#### Crawled caption data:
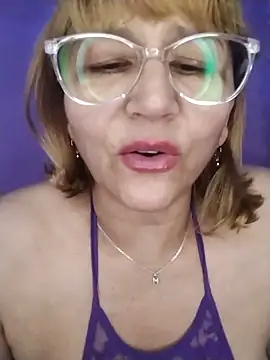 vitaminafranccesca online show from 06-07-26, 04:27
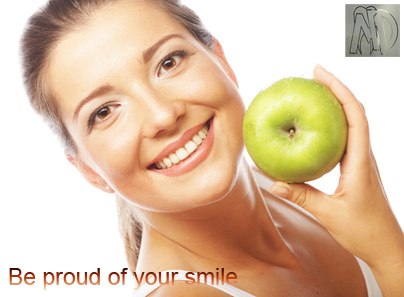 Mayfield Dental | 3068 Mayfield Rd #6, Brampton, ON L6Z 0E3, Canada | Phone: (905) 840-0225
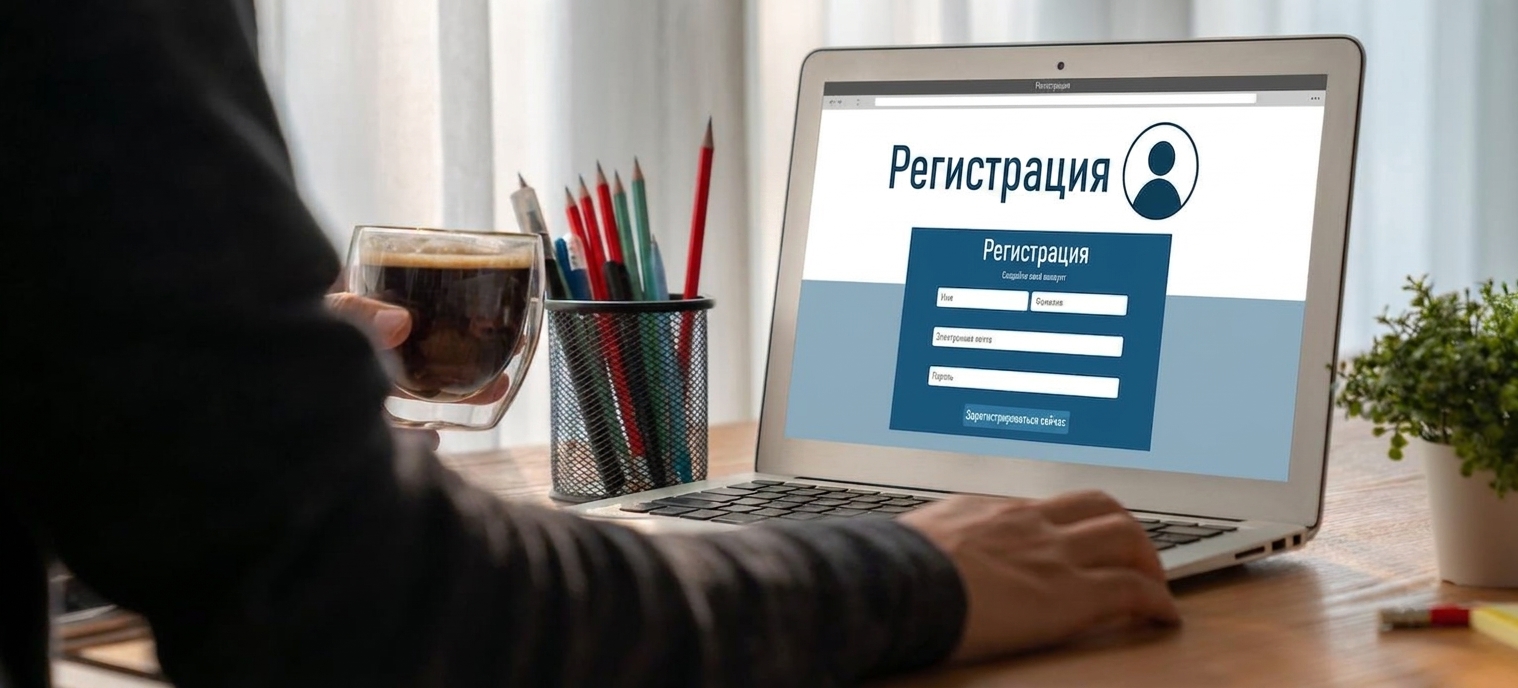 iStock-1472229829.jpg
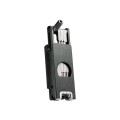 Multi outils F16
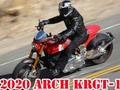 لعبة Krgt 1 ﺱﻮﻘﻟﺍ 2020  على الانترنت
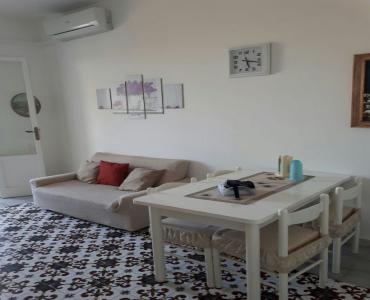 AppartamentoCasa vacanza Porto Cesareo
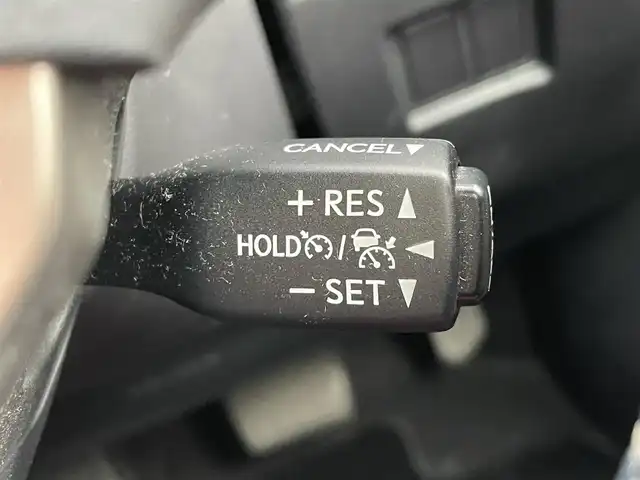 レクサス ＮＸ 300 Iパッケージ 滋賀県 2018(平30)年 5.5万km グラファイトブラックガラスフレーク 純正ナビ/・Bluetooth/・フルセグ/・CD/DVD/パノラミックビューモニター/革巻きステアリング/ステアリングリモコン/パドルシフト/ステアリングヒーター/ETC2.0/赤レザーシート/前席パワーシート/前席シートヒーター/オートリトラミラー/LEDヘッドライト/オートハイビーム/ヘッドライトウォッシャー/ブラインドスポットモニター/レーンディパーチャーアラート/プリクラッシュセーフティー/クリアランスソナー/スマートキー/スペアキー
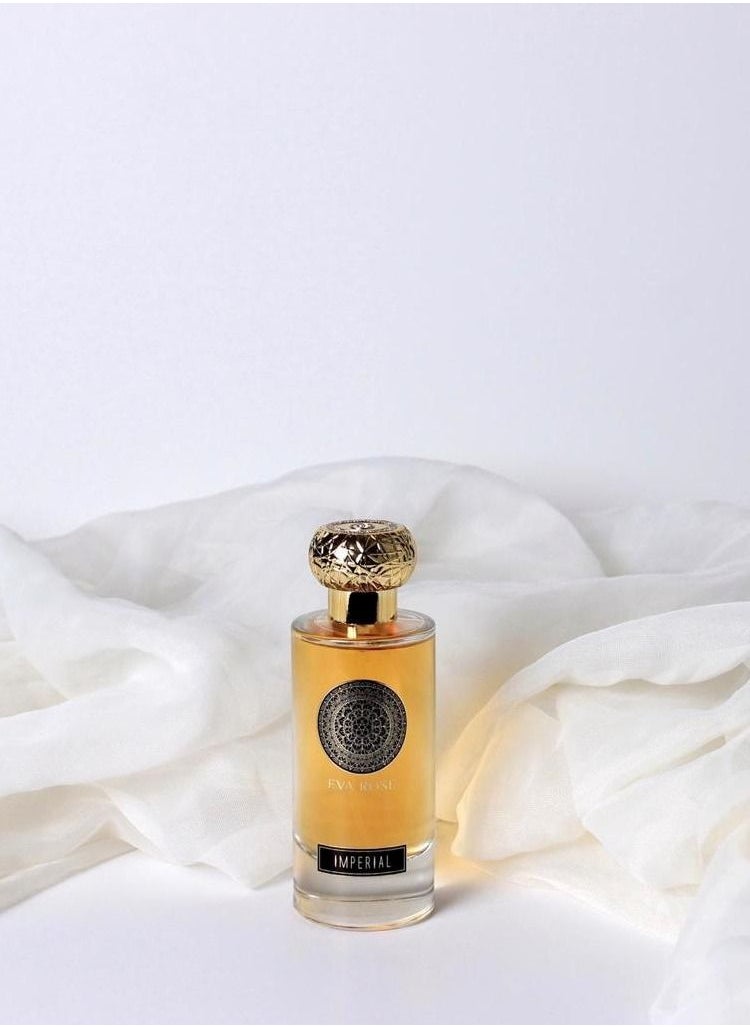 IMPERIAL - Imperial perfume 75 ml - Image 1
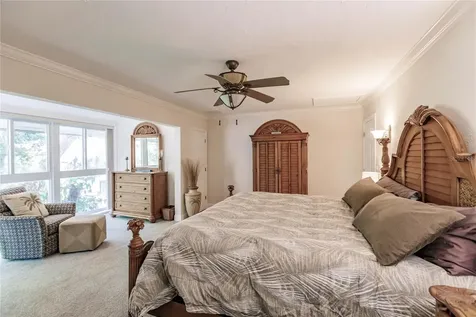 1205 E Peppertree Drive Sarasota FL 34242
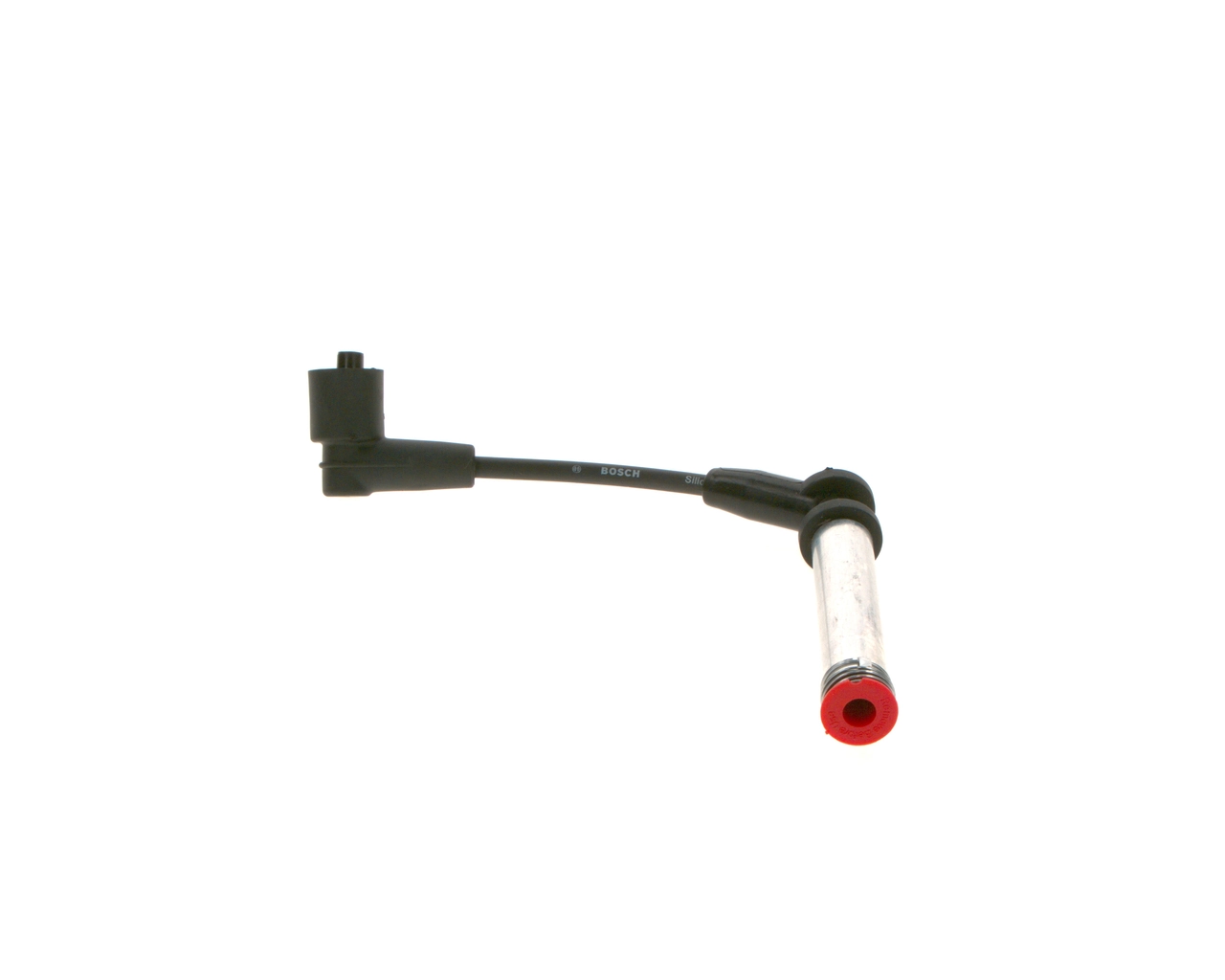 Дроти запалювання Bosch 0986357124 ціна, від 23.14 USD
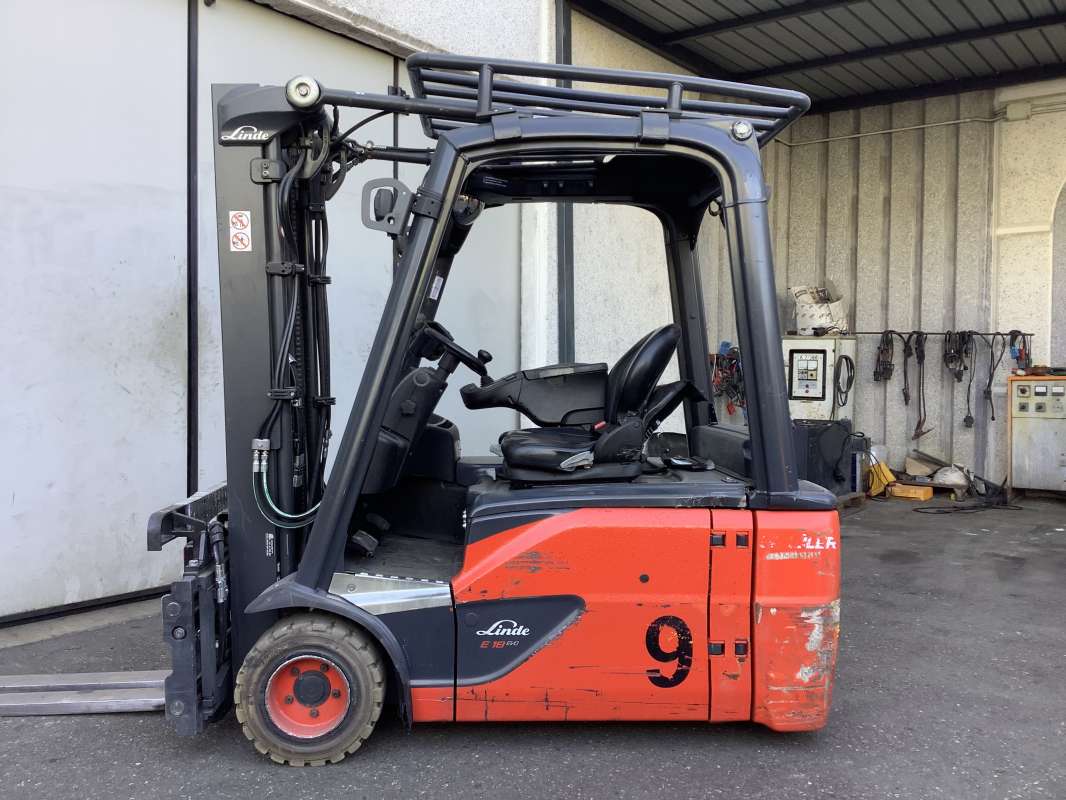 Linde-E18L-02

#### Aim of the task:
The lines from the one containing "IMPERIAL - Imperial perfume 75 ml - Image 1" to the last line of the records, both included: print exactly those and nothing else, leaving out any pictures.

#### Answer section:
 IMPERIAL - Imperial perfume 75 ml - Image 1
 1205 E Peppertree Drive Sarasota FL 34242
 Дроти запалювання Bosch 0986357124 ціна, від 23.14 USD
 Linde-E18L-02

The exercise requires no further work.